START Provided material

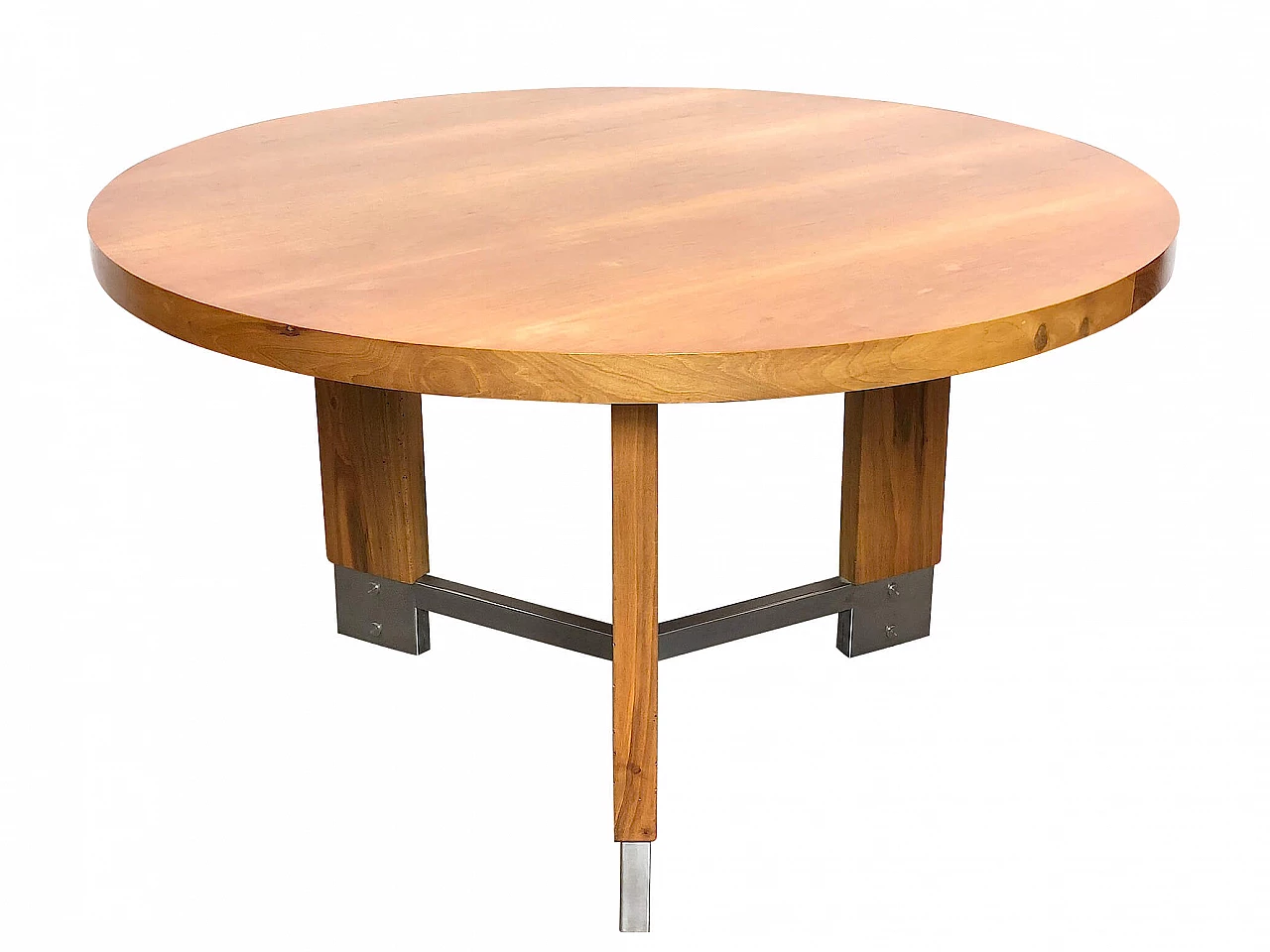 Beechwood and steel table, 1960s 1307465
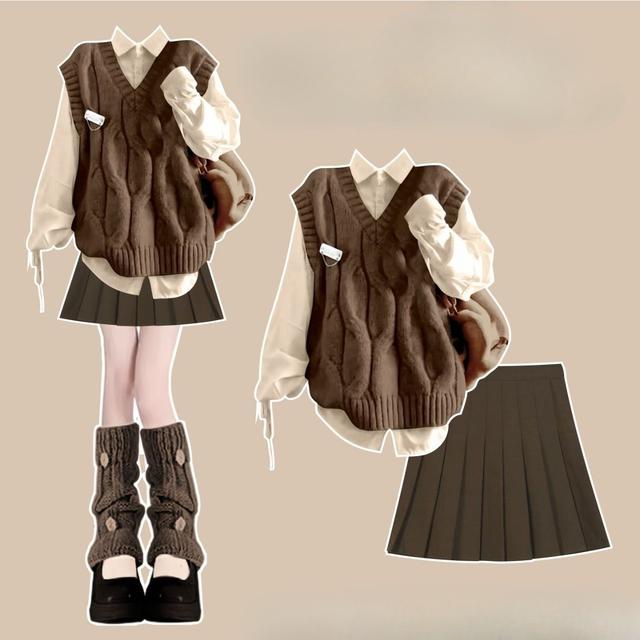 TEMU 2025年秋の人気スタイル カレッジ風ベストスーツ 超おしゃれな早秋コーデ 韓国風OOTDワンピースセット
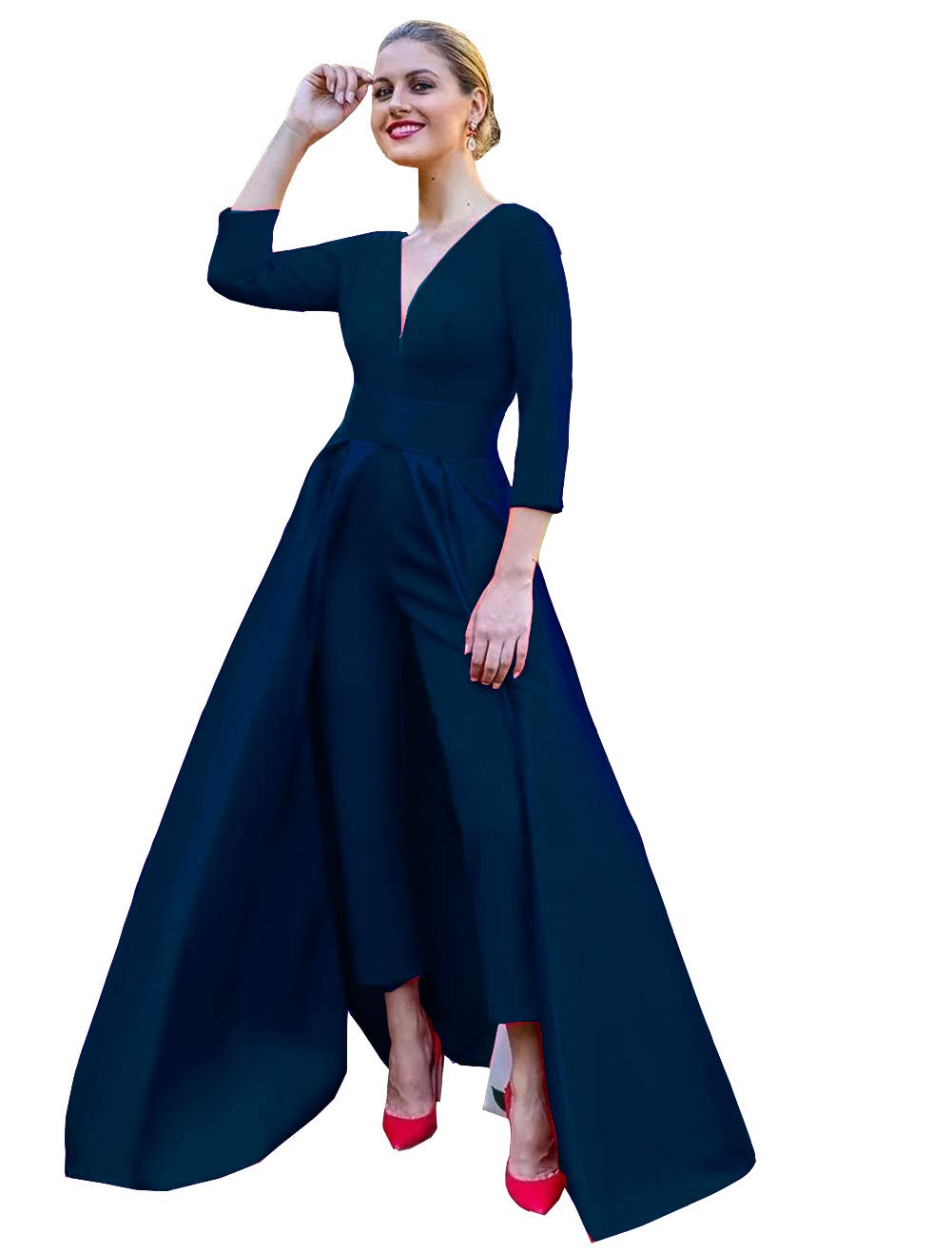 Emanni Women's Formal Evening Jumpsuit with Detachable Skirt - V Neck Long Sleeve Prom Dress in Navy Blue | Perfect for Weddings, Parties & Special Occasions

END Provided material

Copy out every line of the data above, taking care to leave the pictures out.

# Solution to the exercise
 Beechwood and steel table, 1960s 1307465
 TEMU 2025年秋の人気スタイル カレッジ風ベストスーツ 超おしゃれな早秋コーデ 韓国風OOTDワンピースセット
 Emanni Women's Formal Evening Jumpsuit with Detachable Skirt - V Neck Long Sleeve Prom Dress in Navy Blue | Perfect for Weddings, Parties & Special Occasions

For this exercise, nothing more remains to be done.